San Francisco lawmakers propose law to prohibit new companies from including free lunch cafeterias

Two San Francisco-area lawmakers placed a new proposal on the fall voting docket that would make it unlawful for new companies opening in the city to include free employee cafeterias.

All 51 companies that already include such cafeterias, such as Google, Twitter, and Levi Strauss & Co., would be unaffected by the new proposal should it be voted into law.

The local politicians, Supervisors Ahsha Safai and Aaron Peskin, along with Golden Gate Restaurant Association’s Executive Director Gwyneth Borden, announced their proposal in a press conference this week, Forbes reported.

“The economic vitality of San Francisco’s streets is related to the ground floor experience — active storefronts that promote pedestrian traffic and drive retail transactions,” Borden said. “In all our commercial zoning areas, buildings are zone mixed-use, ground floor retail/restaurant with office above. This only works if the office use supports the ground floor retail.”

She added that it’s impossible to compete with free food.

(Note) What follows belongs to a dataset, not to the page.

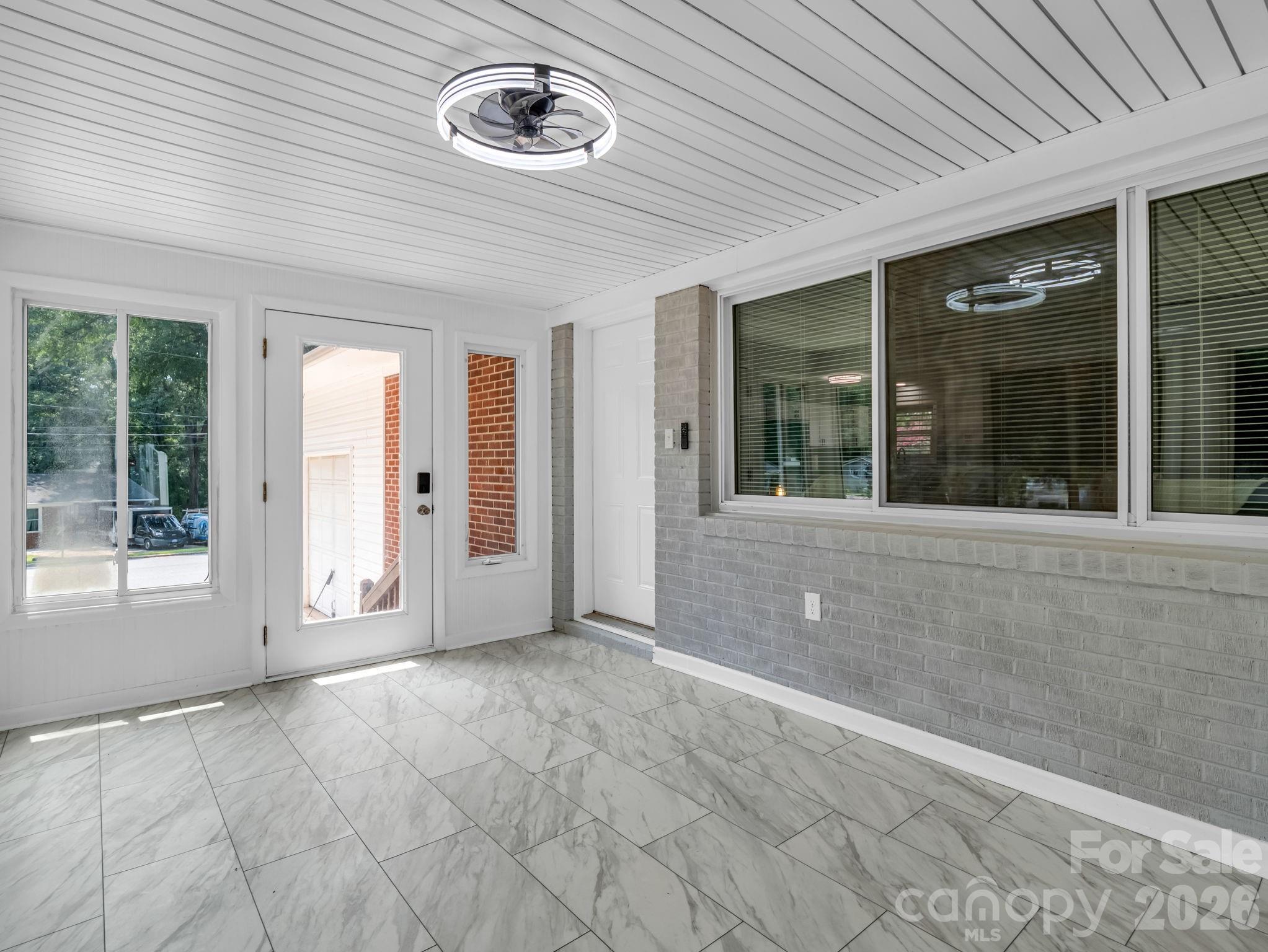 2044 Helen Drive Property Photo 27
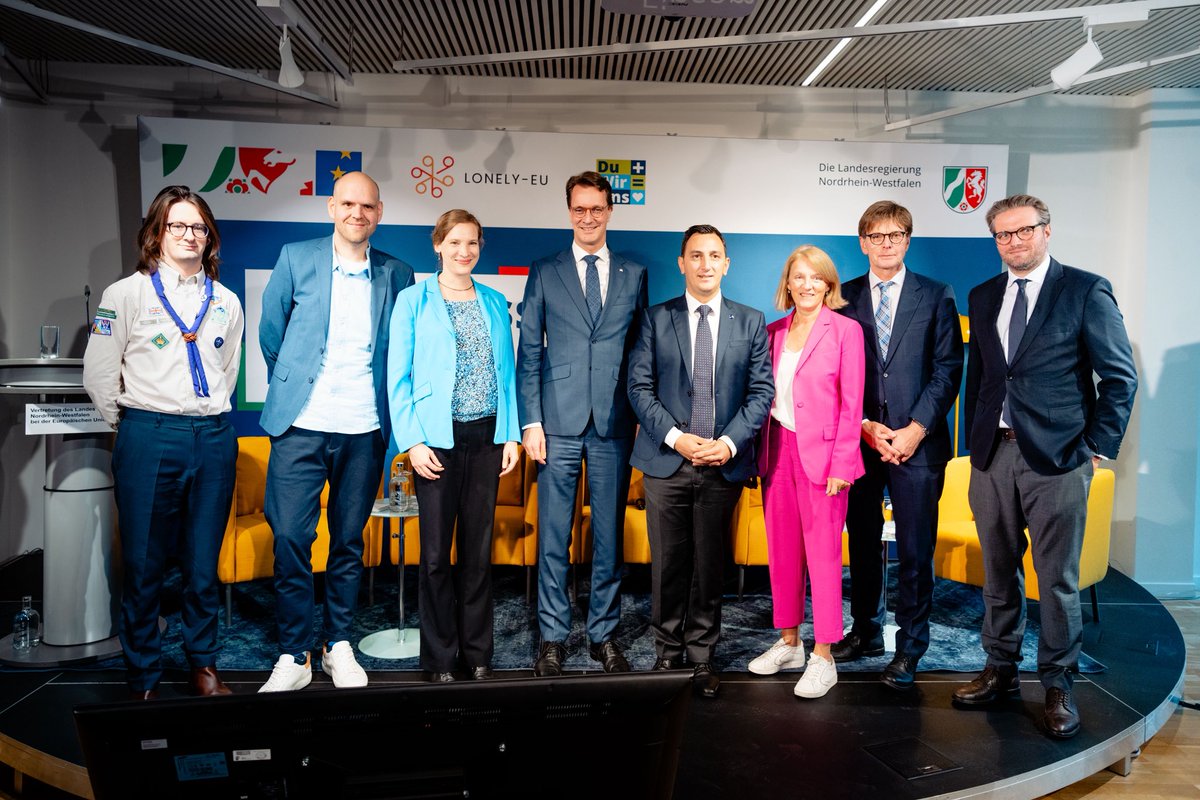 Staatskanzlei NRW tweet media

A local restaurant owner, just blocks away from city hall in San Francisco, said that local businesses are suffering a loss of thousands of potential customers because of tech companies’ tendency to include a free cafeteria.

“We see thousands of employees in a block radius that don’t go out to lunch and don’t go out in support of restaurants every day,” Ryan Cole, owner of the restaurant Corridor, told the San Francisco Chronicle. “It’s because they don’t have to.”

He added the when the payment processing company Square closes its free cafeteria every other Friday, the restaurant experiences such a surge in business that it sometimes has to schedule additional staff.

Many restaurant owners in the area said that they saw an increase in restaurant closures since tech companies, which have flooded the area in the past decade, have begun to include free lunches in its benefits for employees.